**MATERIAL FOR THE TASK**
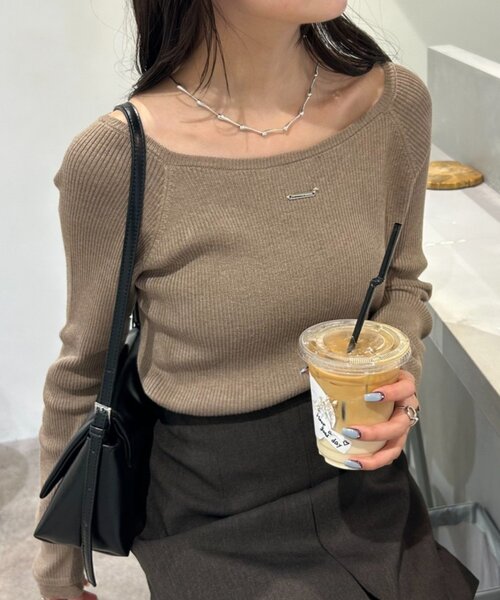 mystic(ミスティック)の「【4色展開◎】プレート付きクルーリブニット(ニット/セーター・レディース・ブラック/ブラウン/グレー/アイボリー・FREE)」の1枚目の写真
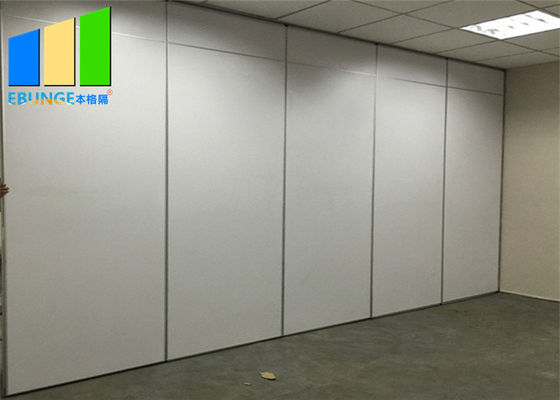 Izolowane akustycznie składane ruchome ścianki działowe do sali konferencyjnej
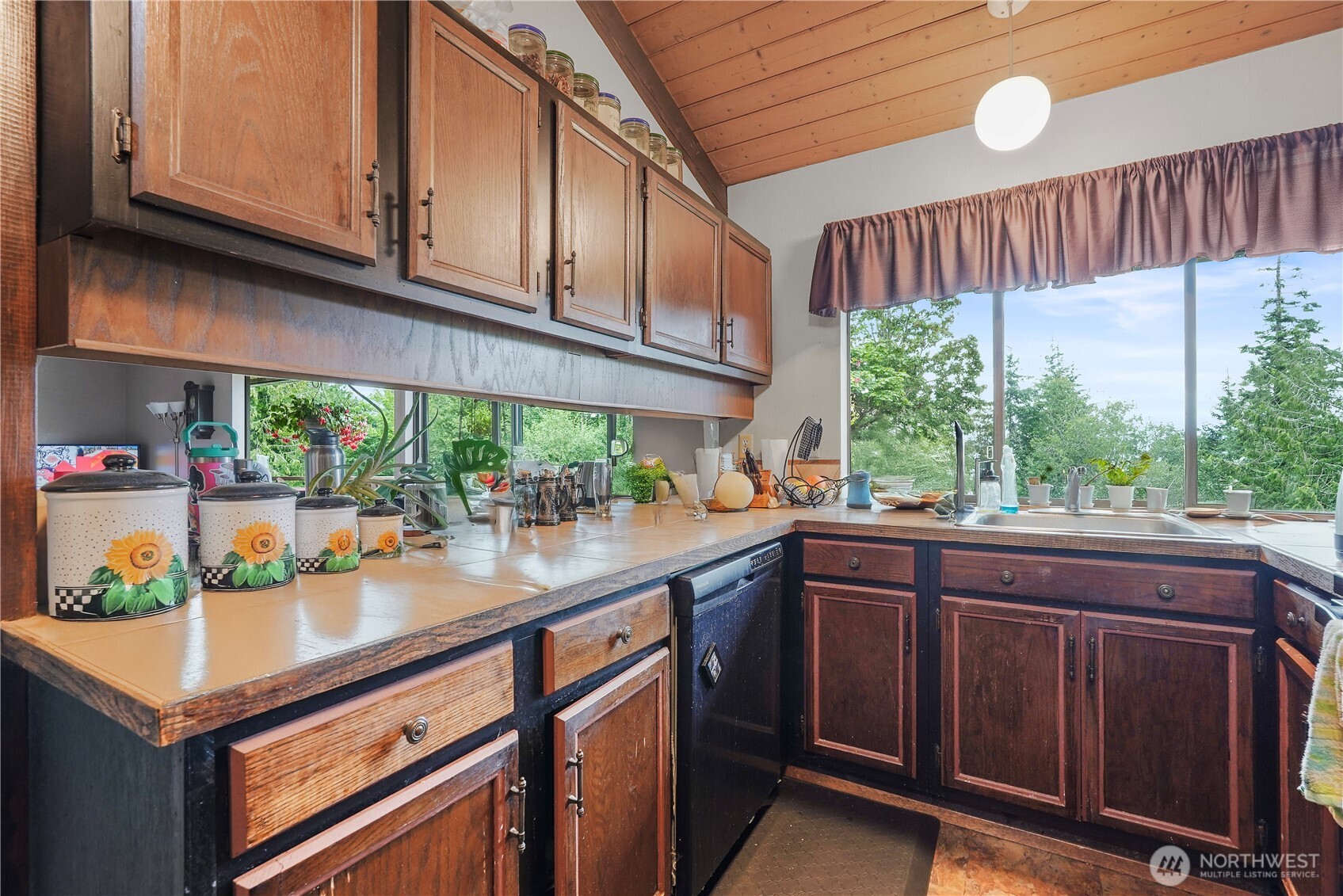 2449 2451 McGregor Drive SE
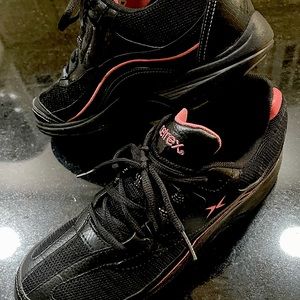 Size 9 women’s aetrex athletic shoes like new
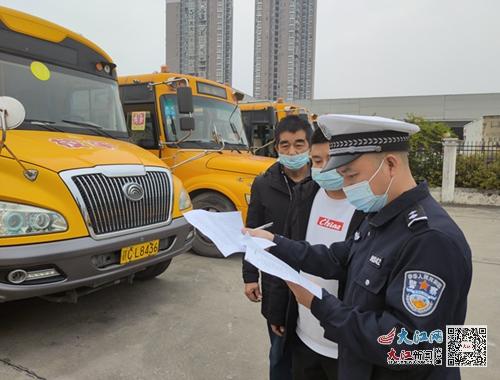 宜春交警嚴(yán)把安全關(guān) 開展校車專項(xiàng)安全檢查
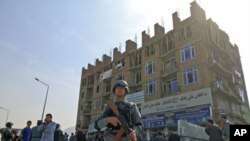 Cảnh sát Afghanistan canh gác tại Kabul
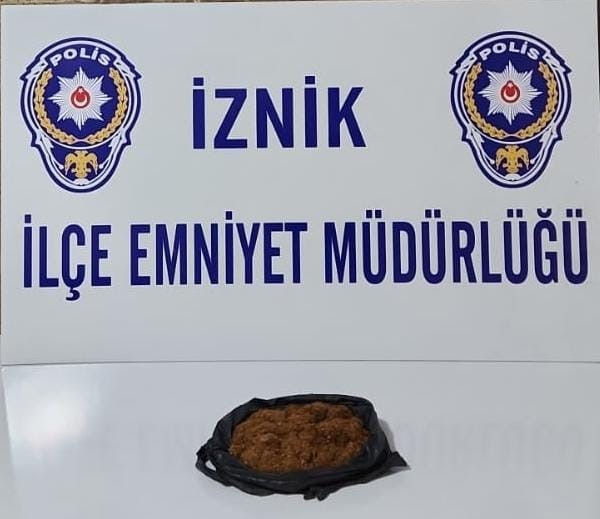 İznik’te polis ekiplerinin durdurduğu araçtan uyuşturucu çıktı
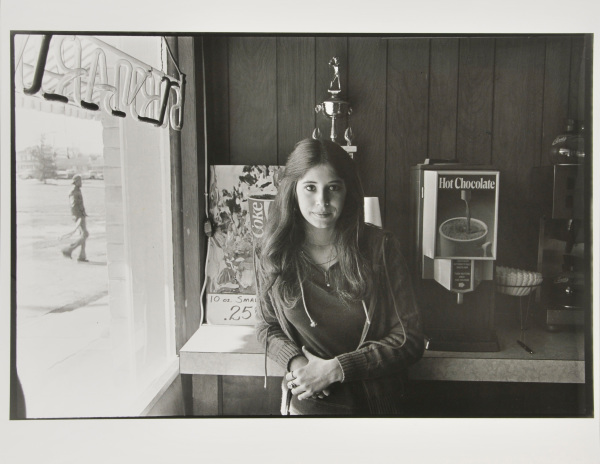 D and F Super Sub Shop Waitress. - Image 3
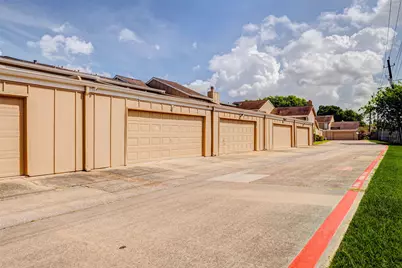 11643 Village Place Drive #194, Houston, TX 77077 - Photo 27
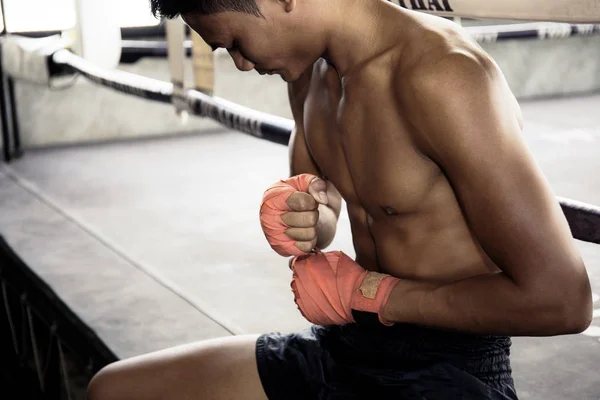 Boxers är hand wraps i arenan. — Stockfoto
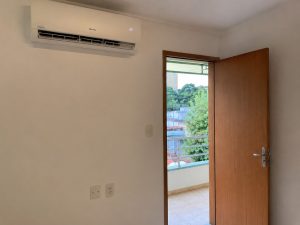 ar condicionado com porta aberta ou fechada
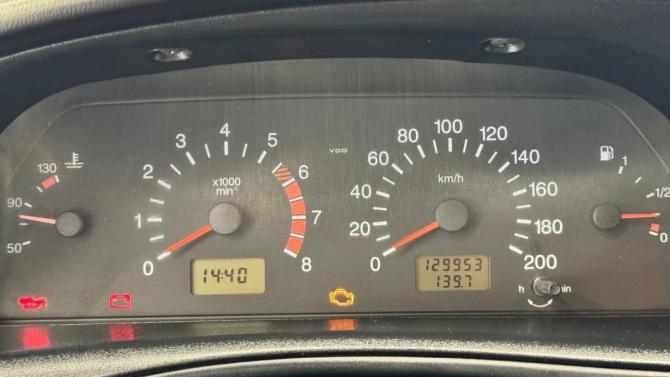 Chevrolet Niva I Рестайлинг с пробегом 2011 года, цена 399 000 рублей, 130000 км, внедорожник, Автокод Объявления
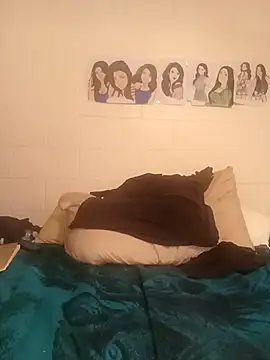 k1oudE online show from October 7, 1:43 am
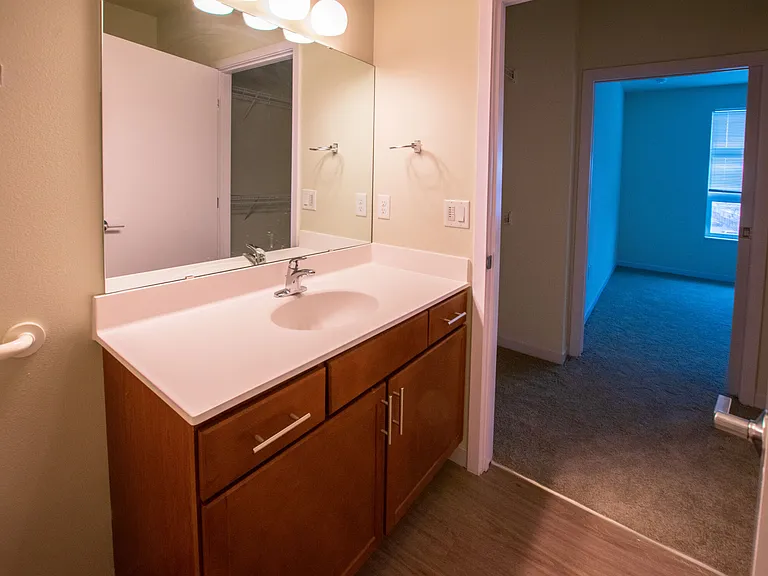 The Landing at 818 — Photo 27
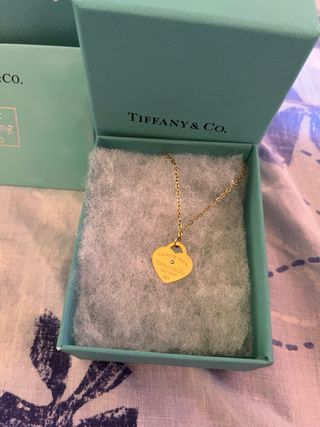 Collar Tiffany & Co. corazón dorado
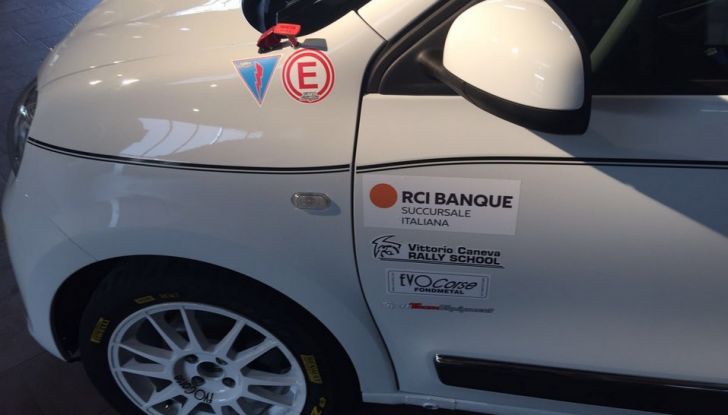 Renault Twingo R1 debutta nei rally italiani - Foto 10 di 12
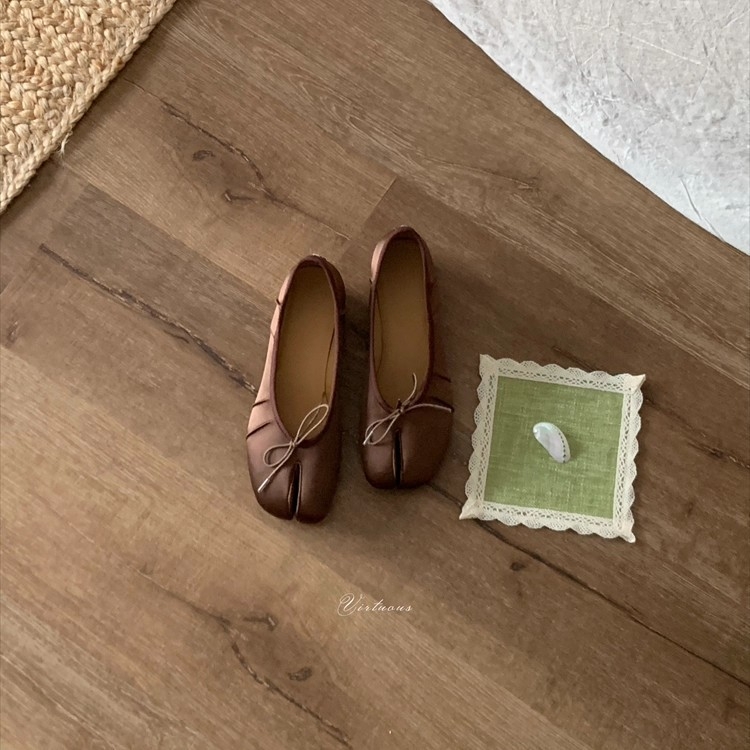 Ženske satin cipele s podijeljenim prstom, retro baletanke, srednja potpetica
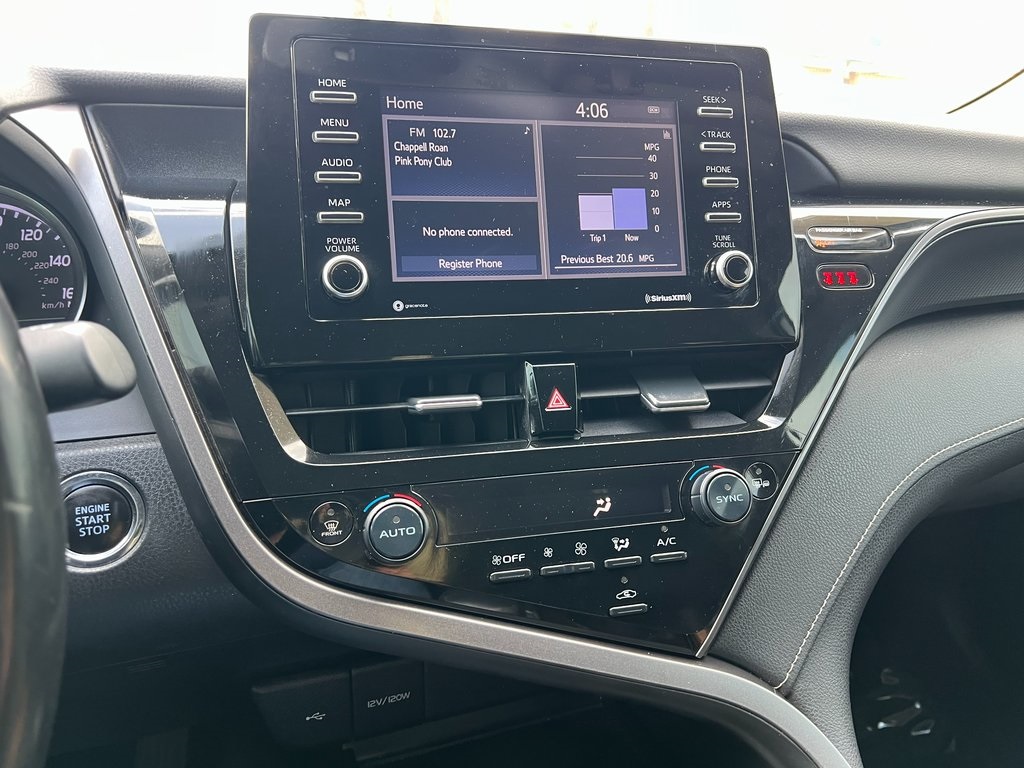 Vehicle image 25 of 45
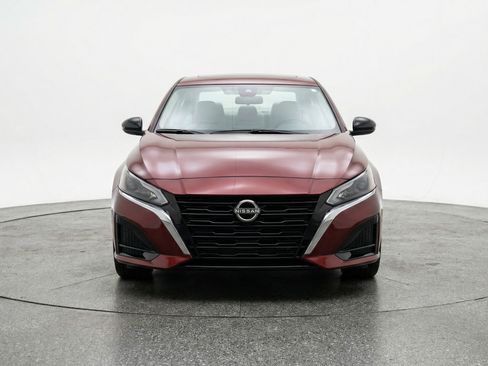 Used 2025 Nissan Altima 2.5 SV FWD image 2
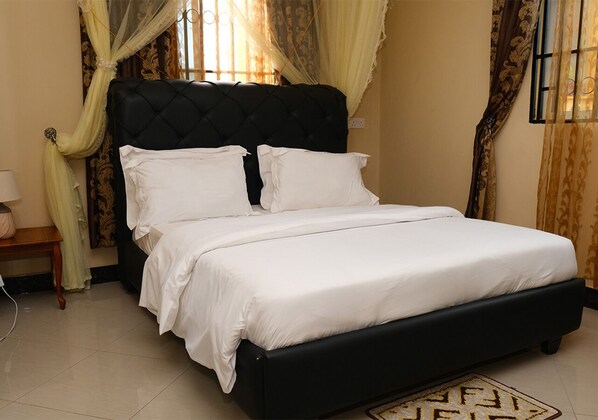 City Apartment | 2 bedrooms, minibar, laptop workspace, free WiFi - Central Apartments Hotel (Dodoma)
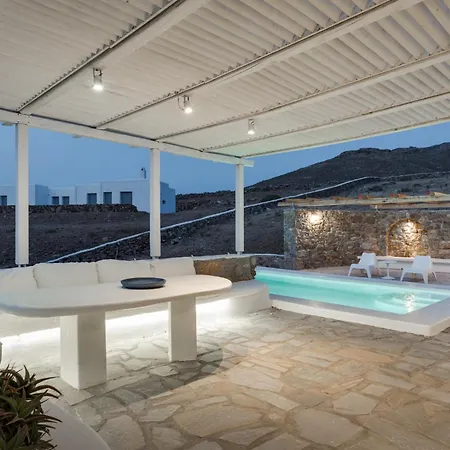 Lea Mykonos * Merchia Beach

**PROMPT**
Your reply is the full set of entries reproduced exactly, with images omitted.

**ANSWER**
 mystic(ミスティック)の「【4色展開◎】プレート付きクルーリブニット(ニット/セーター・レディース・ブラック/ブラウン/グレー/アイボリー・FREE)」の1枚目の写真
 Izolowane akustycznie składane ruchome ścianki działowe do sali konferencyjnej
 2449 2451 McGregor Drive SE
 Size 9 women’s aetrex athletic shoes like new
 宜春交警嚴(yán)把安全關(guān) 開展校車專項(xiàng)安全檢查
 Cảnh sát Afghanistan canh gác tại Kabul
 İznik’te polis ekiplerinin durdurduğu araçtan uyuşturucu çıktı
 D and F Super Sub Shop Waitress. - Image 3
 11643 Village Place Drive #194, Houston, TX 77077 - Photo 27
 Boxers är hand wraps i arenan. — Stockfoto
 ar condicionado com porta aberta ou fechada
 Chevrolet Niva I Рестайлинг с пробегом 2011 года, цена 399 000 рублей, 130000 км, внедорожник, Автокод Объявления
 k1oudE online show from October 7, 1:43 am
 The Landing at 818 — Photo 27
 Collar Tiffany & Co. corazón dorado
 Renault Twingo R1 debutta nei rally italiani - Foto 10 di 12
 Ženske satin cipele s podijeljenim prstom, retro baletanke, srednja potpetica
 Vehicle image 25 of 45
 Used 2025 Nissan Altima 2.5 SV FWD image 2
 City Apartment | 2 bedrooms, minibar, laptop workspace, free WiFi - Central Apartments Hotel (Dodoma)
 Lea Mykonos * Merchia Beach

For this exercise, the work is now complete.